Belle Isle Viewing Room is pleased to present George Rush: Double Bind. Rush has created  twenty new oil paintings based on selections from his ongoing archive of cell phone photographs: a cruise ship in port under a stormy sky, a decoy owl on a kitchen counter, a detail from a painting by Jan Steen, a motel, a postmodern office building, an illustration of extinct birds of North America, a tree, images of suburban houses, an ancient Roman sculpture of a drunk satyr, a car flipped over on a suburban street, a shelf of self-help books about love and sex, a parking lot at dusk, magazines about guns, tract housing, a strip mall at night, a Rockwell Kent painting of Vermont, an advertisement for Tinder, an empty window, the sun. Rush is interested in presenting images that contain quiet, unresolved conflict and often the promise of resolution feels just out of reach: why these books, these magazines, these houses? These paintings are both generous and withholding -- a realistically depicted window is rich in surface and light but offers no view.

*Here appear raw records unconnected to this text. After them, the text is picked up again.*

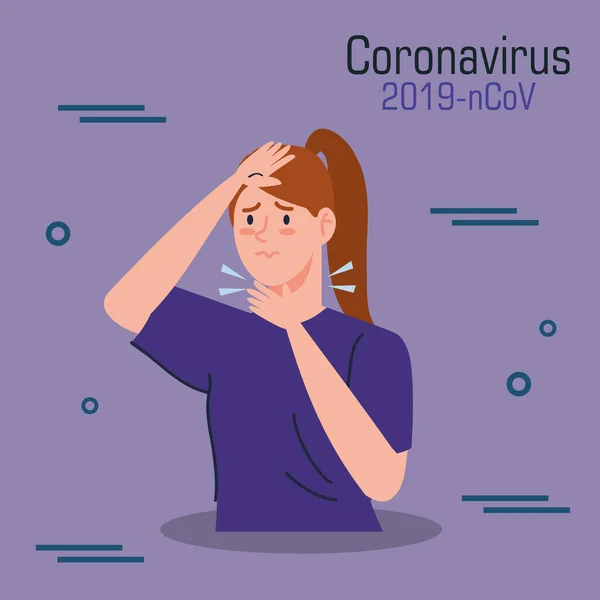 Femme malade de coronavirus 2019 ncov — Image vectorielle
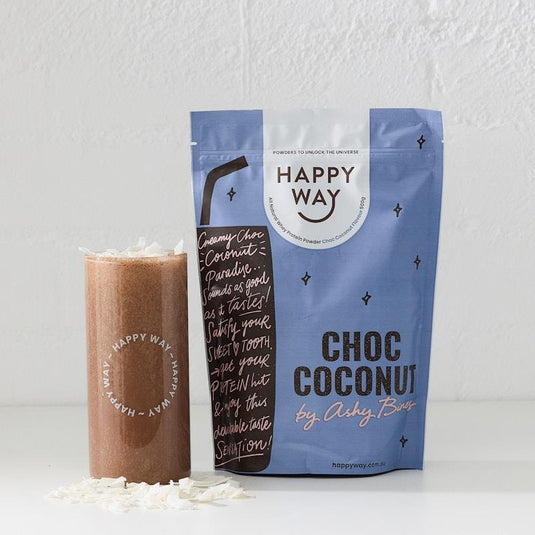 Happy Way Ashy Bines Choc Coconut Whey Protein Powder 500g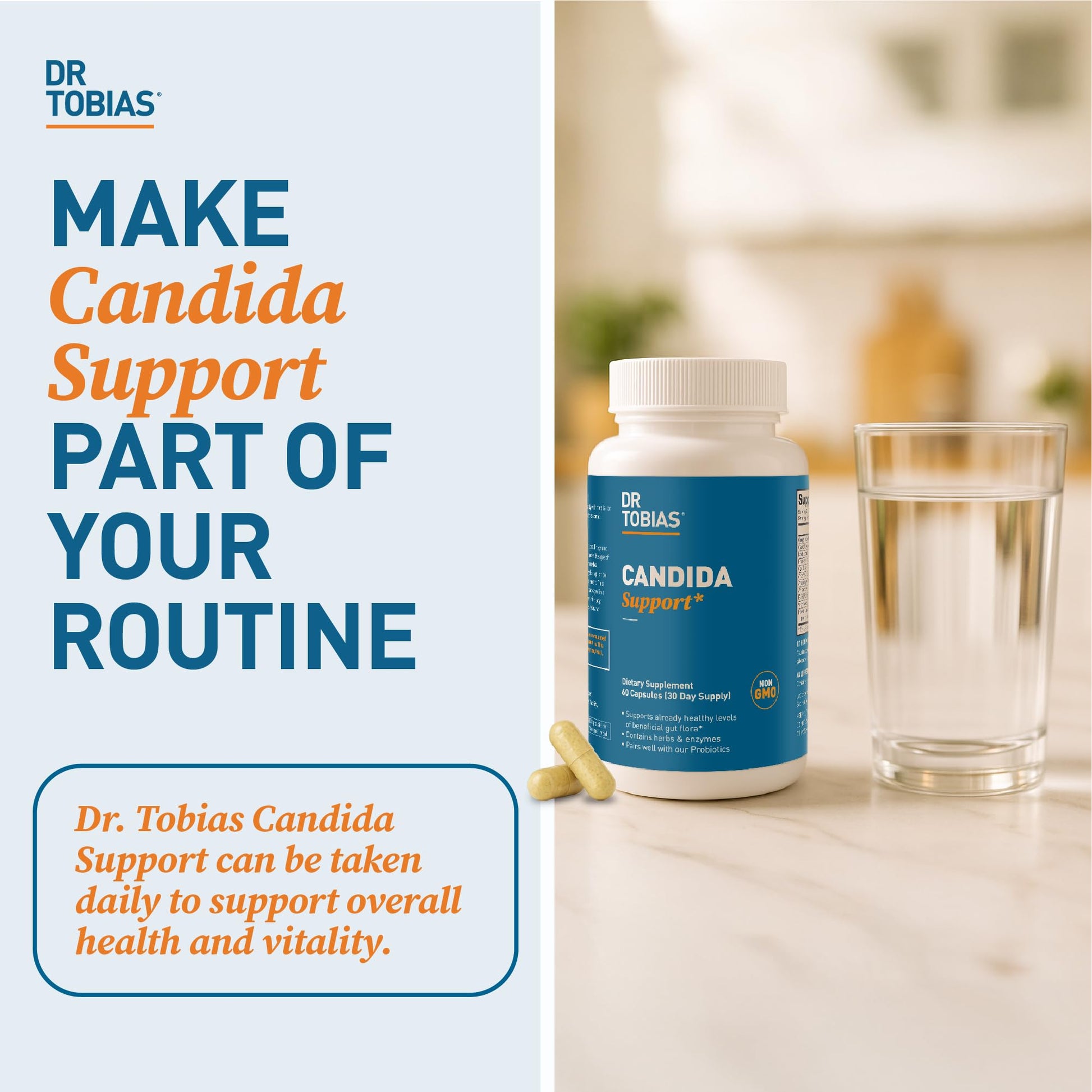 Dr. Tobias Candida Support, Gut Flora Balance Complex with Oregano, Caprylic Acid, Enzymes & Probiotics, Support Intestinal Detox Cleanse & Gut Healt - dailyvitalstore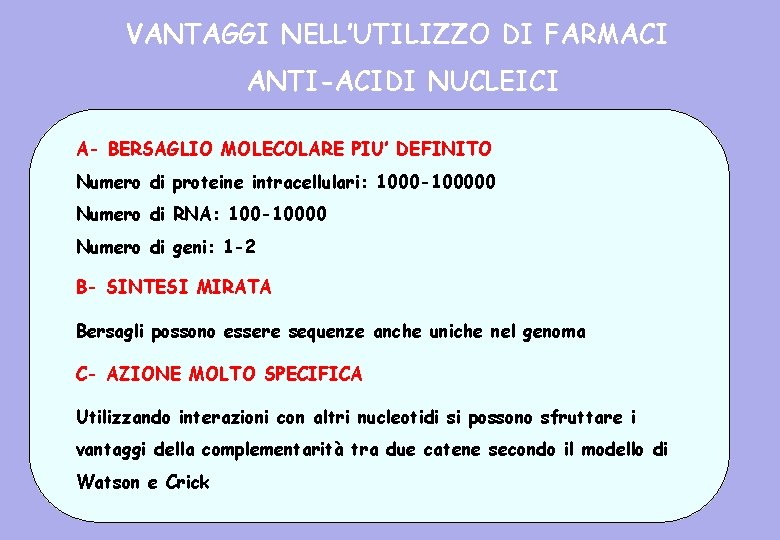 VANTAGGI NELL’UTILIZZO DI FARMACI ANTI-ACIDI NUCLEICI A- BERSAGLIO MOLECOLARE PIU’ DEFINITO Numero di proteine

Some feature objects seemingly out of place—why would a decoy owl be used inside a kitchen? Rush presents us with a suite of paintings that don’t cohere into a narrative; they become a constellation of moments, a specific view of the present in suburban America.

 

Structurally, Rush is interested in how multiplicity and variation works---what does a suite of twenty paintings of a broad array of images do. Twenty is too many to keep track of at one time, and yet feels somehow manageable: a double album is about twenty tracks, a novel might have twenty chapters, there are 26 letters in the modern alphabet. At the same time, we are increasingly offered access to “comprehensive” collections, encyclopedic archives of images (Getty, MoMA), music (Spotify), information (Wikipedia). There is a fallacy of ownership, of access, of understanding: that one day we will have it all, listen to it all, understand it all. Instead, we are just scrolling, smug in our daydream about the day when we’ll have the time to really get serious and learn German or listen to all of Miles Davis or read every Balzac novel. But there are moments of beauty and intimacy and humor in Rush’s paintings and a kind of optimism: there are blue skies after all, the promise of sex and pleasure and reconciliation, a life to be lived.